You know, there was a 60s scifi maybe-not-quite-B-movie called "Robinson Crusoe on Mars", complete with Martian man Friday.
Mine's the spacesuit with all the red dust on it!
It is a great read, I am very hopeful that they convert it well without too much 'action'.
Yes there is action, and rightly so, but other parts are the story...
But by looking at the trailer, very well done!
BUT they have too many teasers in the trailer, too many events I can instantly pick out by watching it...
WHY oh WHY do they put so many teasers in the trailers!!!!
The book circulated very well at my office, an aerospace company, and about a dozen folks ended up reading my copy. We had trouble nitpicking the science - Weir did his homework, with a little glitch about RTGs' dangers and something about breathing mixtures caught by a scuba diver. The book was mostly carried by the protagonist's humor and narrative style. Poor bastard: stuck on Mars and, worse, with only '70s music and sitcoms for entertainment.
It's going to be challenging to adapt this properly to movie format. An astronaut's diary is fine as a novel, but could go horribly wrong as a movie. The vital narration is too easy to leave out of a movie, as happened with the Hunger Games movie. Or the narration could overwhelm the movie and turn into a found-footage, Blair Witch pile of garbage.
The trailer was promising, though.
>"We had trouble nitpicking the science - Weir did his homework, with a little glitch about RTGs' dangers and something about breathing mixtures caught by a scuba diver."
Having discussed the book with a few different people from a few different science/engineering domains - who, I will say, all enjoyed it despite its several faults - the biggest complaint seemed to be 'I was happy to let the science be slightly iffy - right up until he got some fundamental of my domain wrong, and it all fell apart!".
For me it was the Arduino-level understanding of electricity / electronics displayed, which lead to some consideration of the thermodynamics issues it raised, which then started the whole thing unravelling...
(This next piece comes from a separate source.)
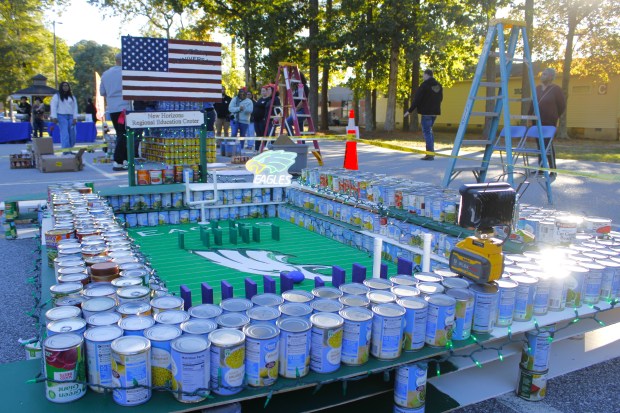 Students from New Horizons Regional Education Center created a sculpture of the Lincoln Financial Field, home of the Philadelphia Eagles, for the 2026 CANstruction Competition on Wednesday, Oct. 21, 2026. James W. Robinson/The Virginia Gazette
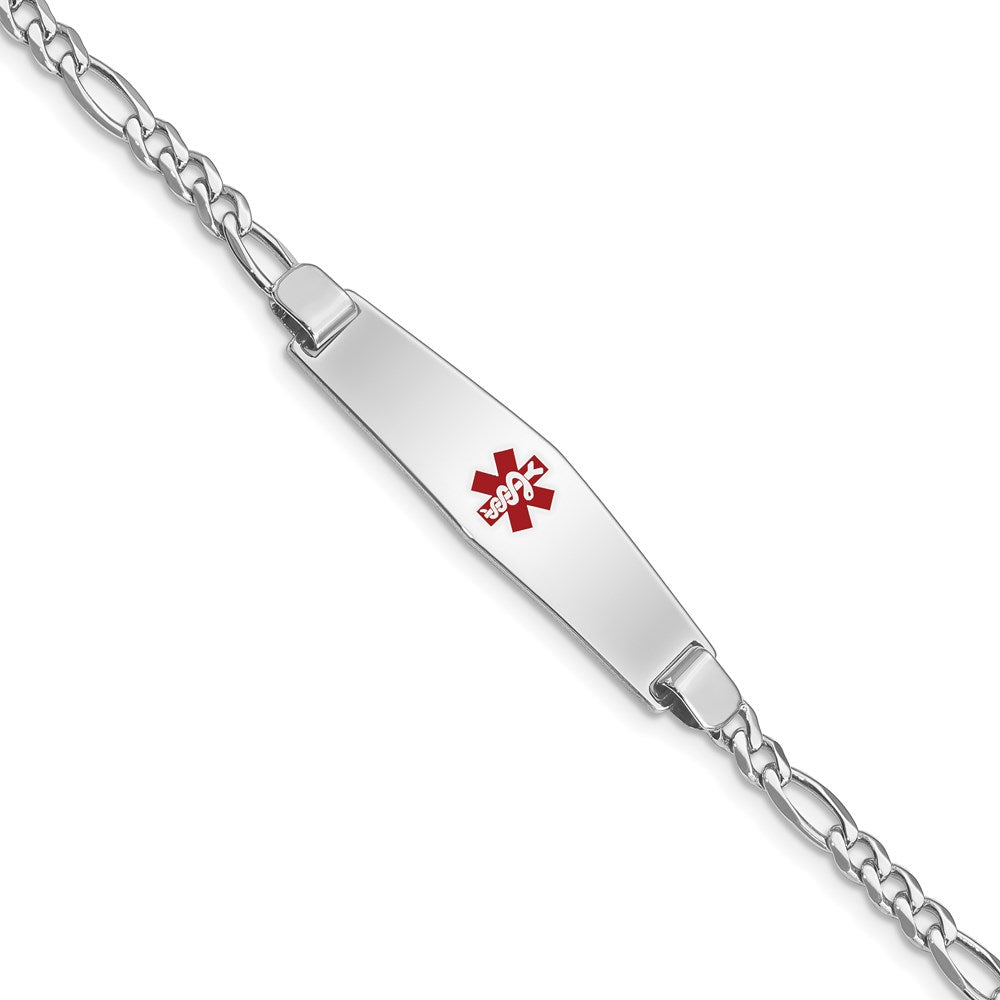 Sterling Silver Rhodium-plated Medical ID Figaro Link Bracelet XSM46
Can you two seriously not see that this is what's destroyed the genre? The problems you have aren't with any 'science' - the author is not doing science, he's writing a book. That is not how science is done. If he were doing science, he would be publishing in a journal. Requiring fiction authors to be right down to the finest minutia and trivia is batshit crazy and utterly hostile to new writers - would you have the same sort of conniption if he used a model of car that didn't exist? No. Please stop neutering the genre.
That is the problem cray74, the book is brilliant, and it doesn't need a protagonist, there are enough problems facing our hero to keep it interesting. But translate it to a film, especially a Hollywood film and I have my doubts about it being anywhere near as good and I fear they will try and make some bureaucrat who will try and nix things, just to give the film a villain. It doesn't need a f****ing villain!
A film doesn't need good guys and bad guys to be a winner. It needs a good story, and this is a stormer.
"The Red Planet isn't a good bad guy, because the challenges it throws at Watney are forces of nature and, as such, immutable, impersonal and undirected."
I think it was Ted Nugent that said, "Once you spend a little time with her and really get to know mother nature, you come to realize what a stone cold bitch she is. She'll kill you in a heart beat, given the chance." Or something to that effect.
Most people on the planet spend the majority of their time in cities or at 30K feet and are blissfully ignorant of nature.
And that's here on earth. Once you get out beyond the magnetosphere she gets orders of magnitude rougher.
Which brings up the point that Mars' magnetic field is nearly non-existent and that is the major reason we'll never live on Mars for more than a few forays. Unless, of course, the infinite improbability drive pops into our universe.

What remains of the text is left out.